DATA PROVIDED »
══════════

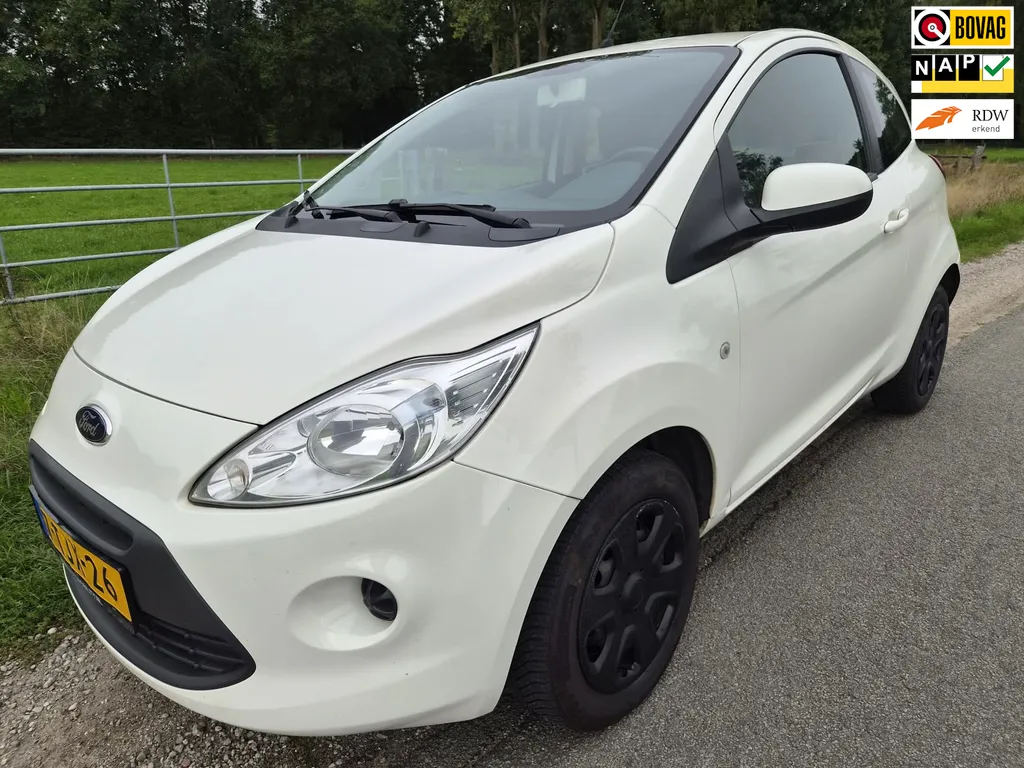 Ford Ka 1.2 Style start/stop airco rijd kei goed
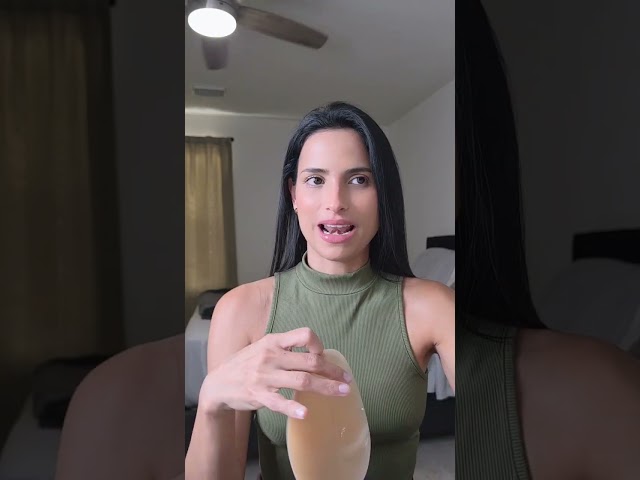 Vídeo relacionado con TOMEEK Sujetador Mujer sin Aros Sujetadores Mujer Push Up con Relleno sin Costuras Cuello V Profundo Bralette Básicos Comodos Sostenes(Color de Piel,S)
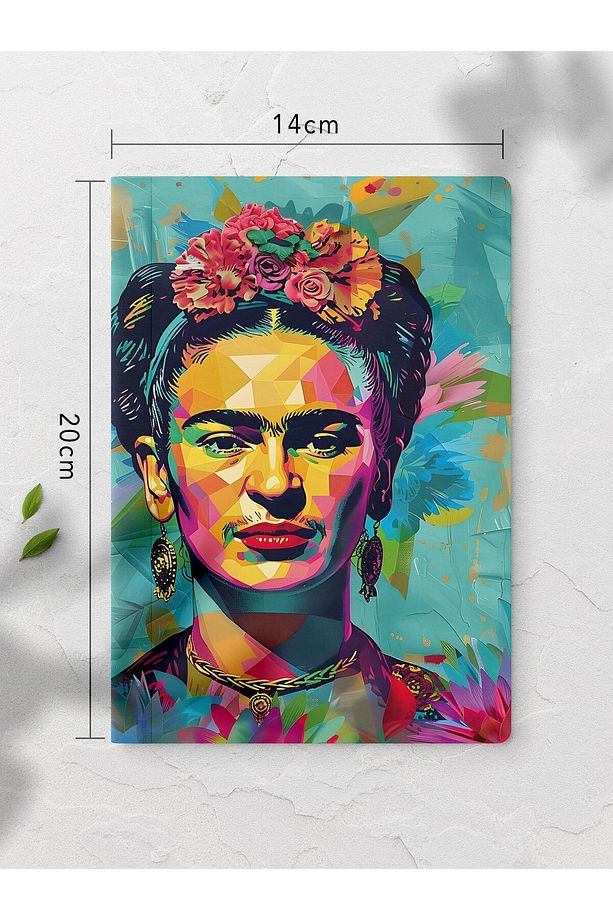 Çizgisiz Defter, Renkli Kapak Notebook 4 Adet, Akıl Defteri, Not Defteri, 64 Sayfa 14*21cm - 2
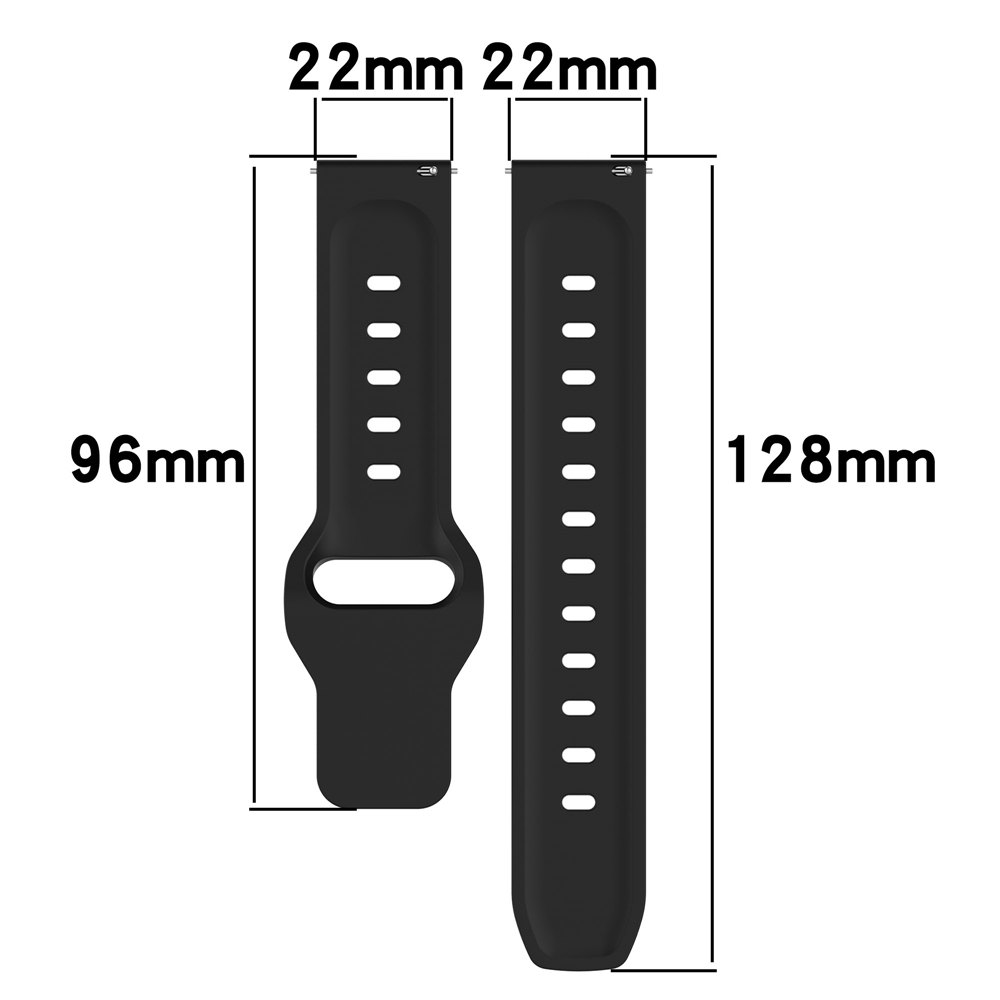 Dây Đeo Thay Thế Bằng Silicon Khóa Nam Châm Cho Samsung Galaxy Watch 3 4 5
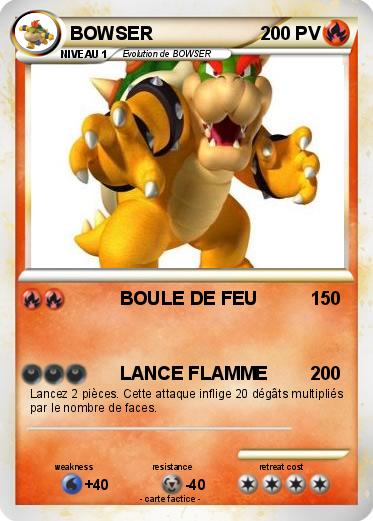 Pokemon BOWSER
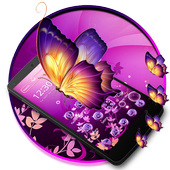 Scintillating Butterfly Theme icon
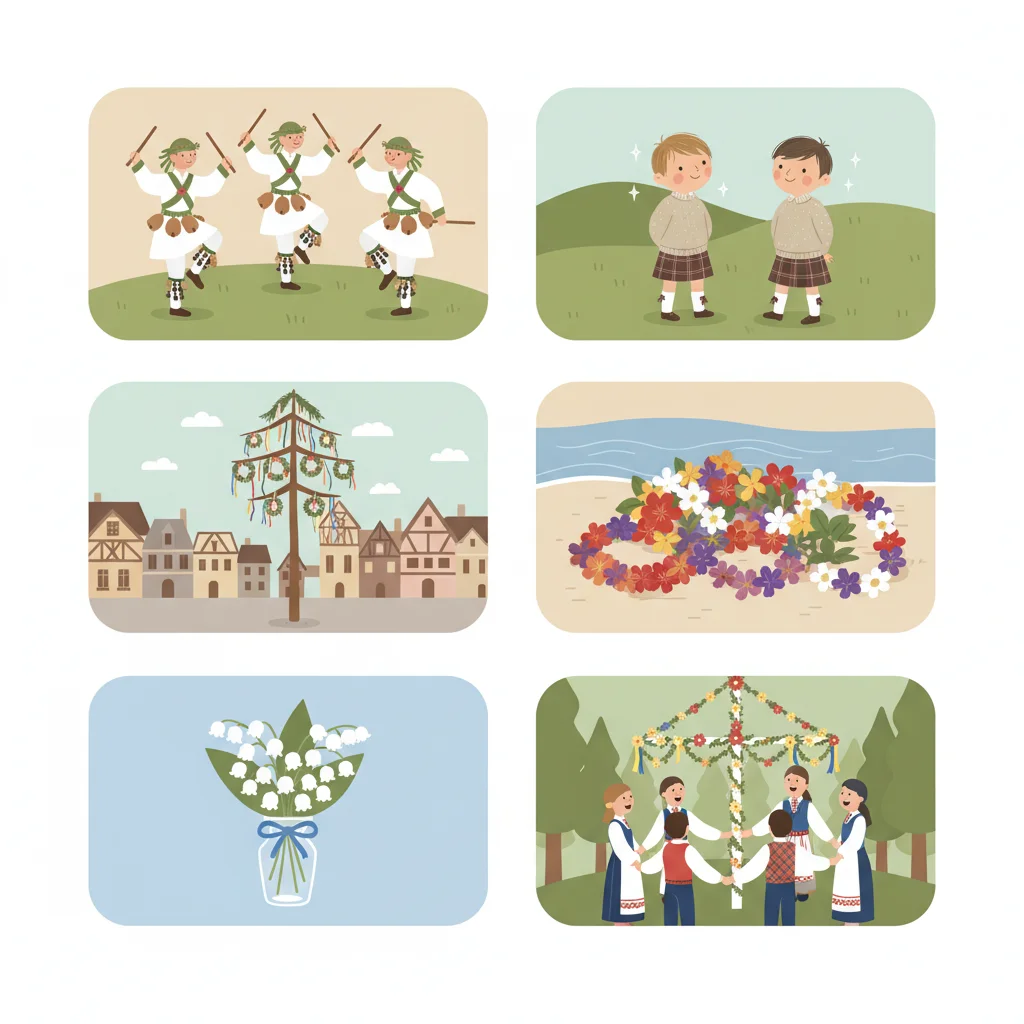 May Day Around the World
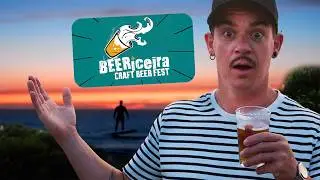 Da cerveja ao surf: porque o BEERiceira é único no mundo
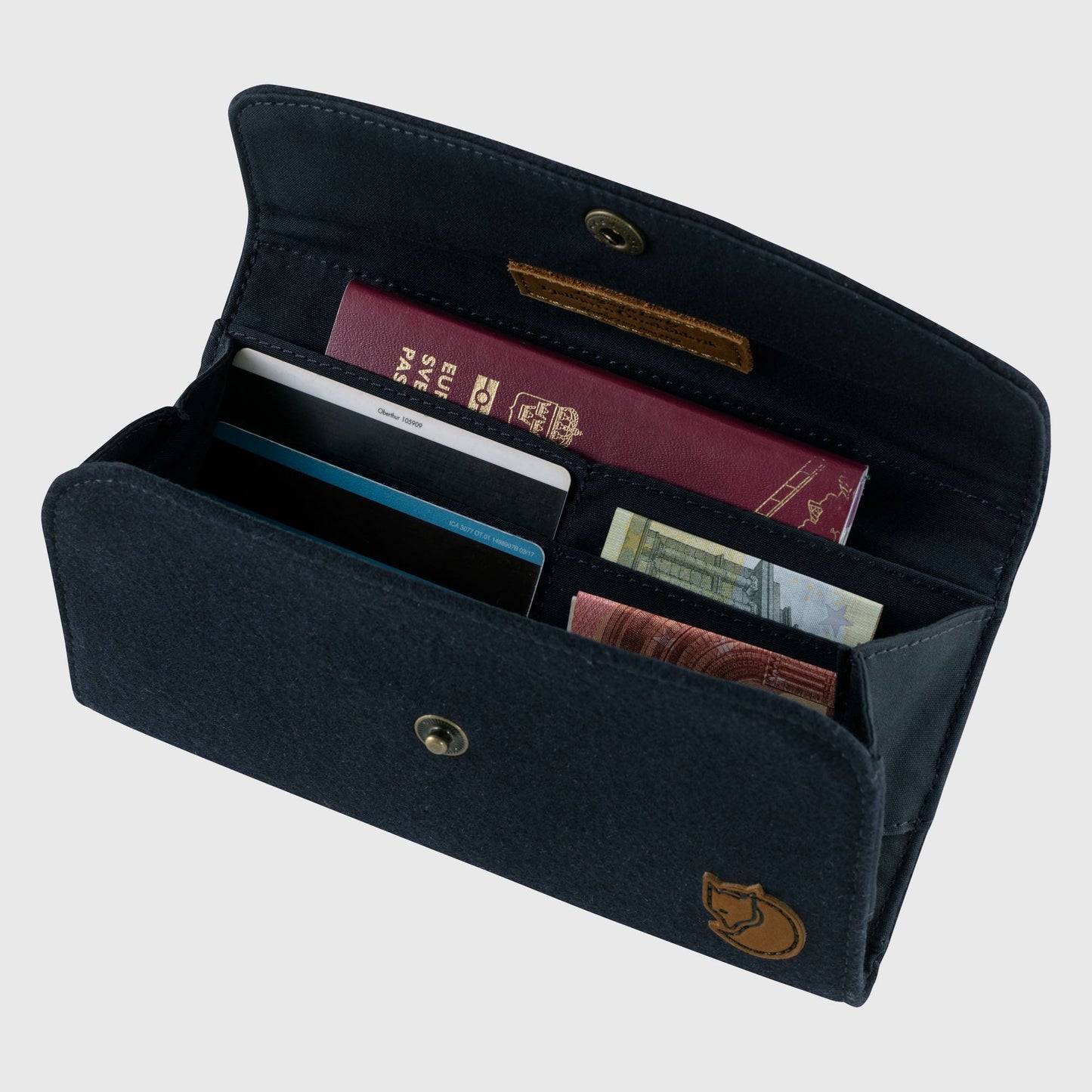 Fjällräven Geldbeutel Norrvage Travel Wallet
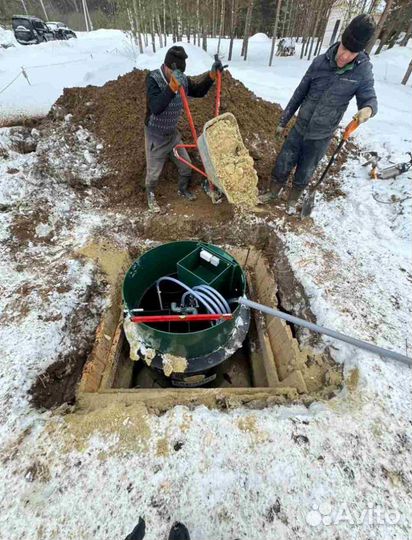 Септик под ключ Евролос Био 4+ Рассрочка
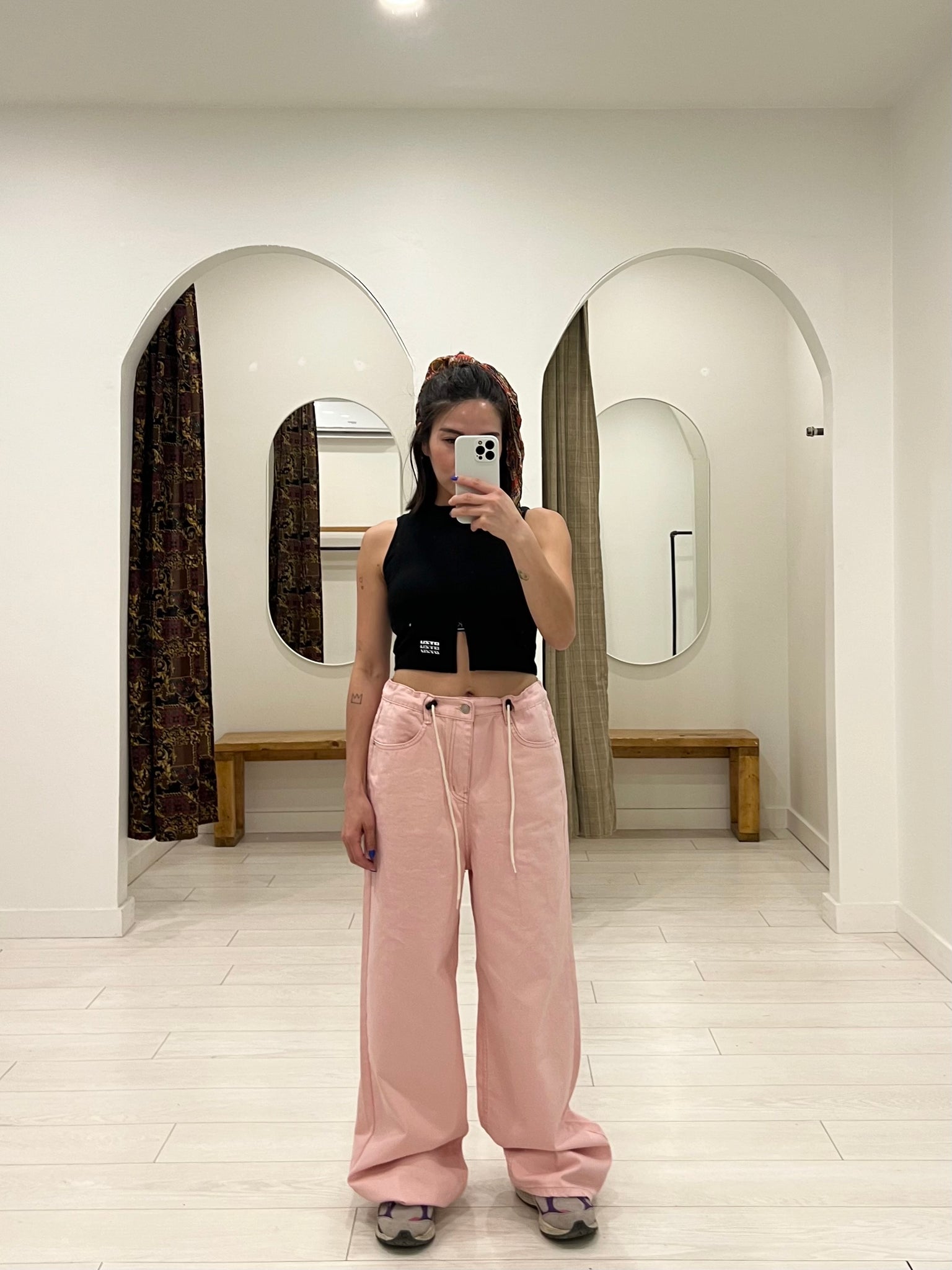 MILLA Colour baggy pants – Durumi
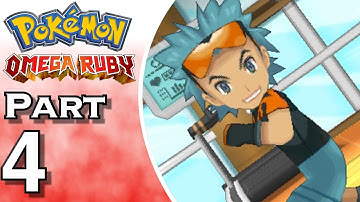 Pokemon Omega Ruby - 3DS - Gameplay - Walkthrough - Let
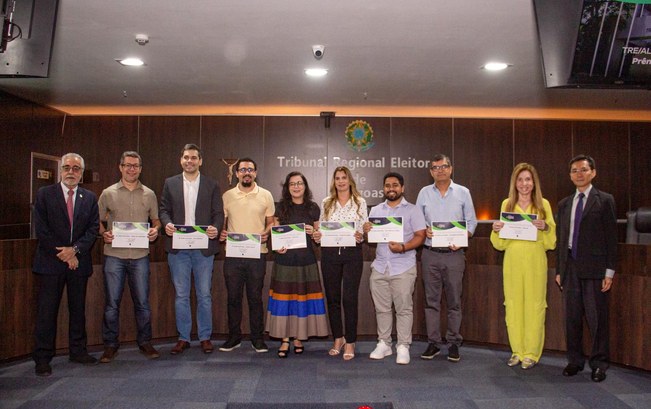 TRE/AL contempla Zonas Eleitorais com Prêmio Proativo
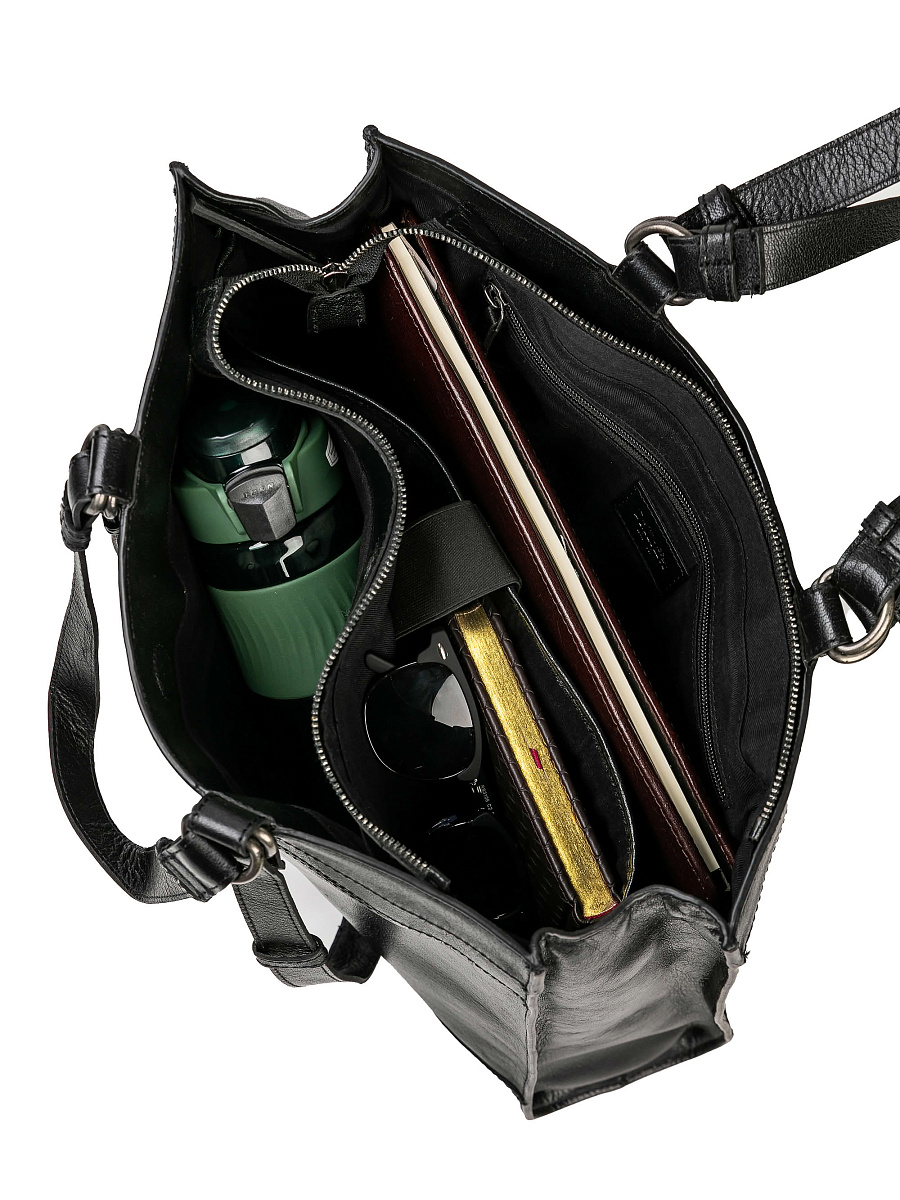 Сумка для документов Dr.Koffer из натуральной кожи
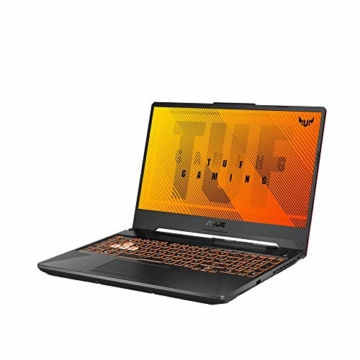 ASUS TUF Gaming A15 FA506II (90NR03M2-M05090) 39.6 cm (15,6 Zoll, Full HD, vIPS, 144Hz, matt) Gaming Notebook (AMD R5-4600H, NVIDIA GeForce GTX 1650 Ti - 6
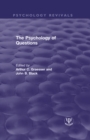 The Psychology of Questions - eBook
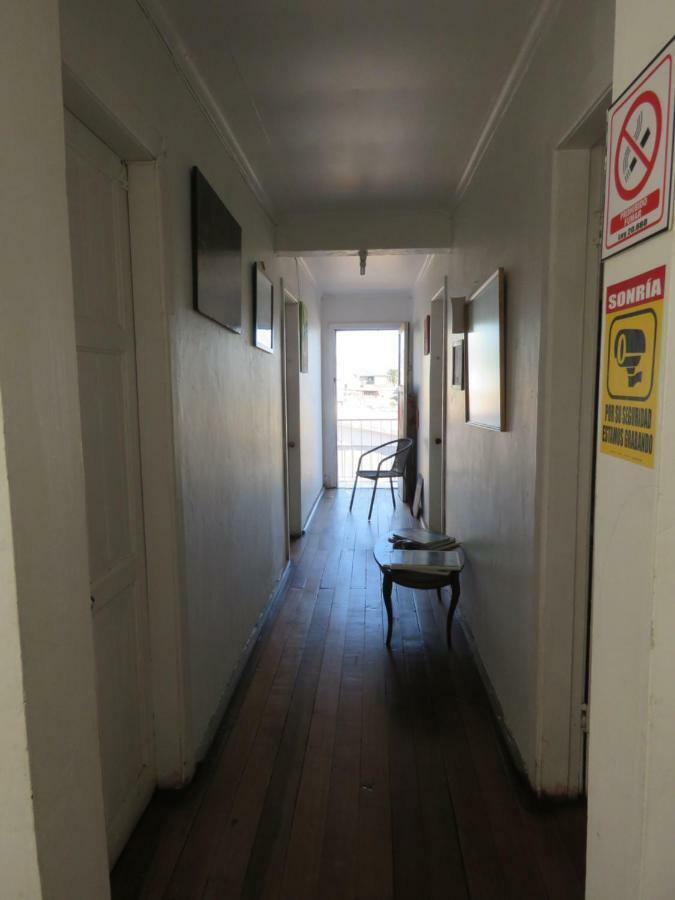 Hostal Mirenart Valparaíso Εξωτερικό φωτογραφία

══════════

Quote all the lines above exactly as given. Do not include the pictures.

 Ford Ka 1.2 Style start/stop airco rijd kei goed
 Vídeo relacionado con TOMEEK Sujetador Mujer sin Aros Sujetadores Mujer Push Up con Relleno sin Costuras Cuello V Profundo Bralette Básicos Comodos Sostenes(Color de Piel,S)
 Çizgisiz Defter, Renkli Kapak Notebook 4 Adet, Akıl Defteri, Not Defteri, 64 Sayfa 14*21cm - 2
 Dây Đeo Thay Thế Bằng Silicon Khóa Nam Châm Cho Samsung Galaxy Watch 3 4 5
 Pokemon BOWSER
 Scintillating Butterfly Theme icon
 May Day Around the World
 Da cerveja ao surf: porque o BEERiceira é único no mundo
 Fjällräven Geldbeutel Norrvage Travel Wallet
 Септик под ключ Евролос Био 4+ Рассрочка
 MILLA Colour baggy pants – Durumi
 Pokemon Omega Ruby - 3DS - Gameplay - Walkthrough - Let
 TRE/AL contempla Zonas Eleitorais com Prêmio Proativo
 Сумка для документов Dr.Koffer из натуральной кожи
 ASUS TUF Gaming A15 FA506II (90NR03M2-M05090) 39.6 cm (15,6 Zoll, Full HD, vIPS, 144Hz, matt) Gaming Notebook (AMD R5-4600H, NVIDIA GeForce GTX 1650 Ti - 6
 The Psychology of Questions - eBook
 Hostal Mirenart Valparaíso Εξωτερικό φωτογραφία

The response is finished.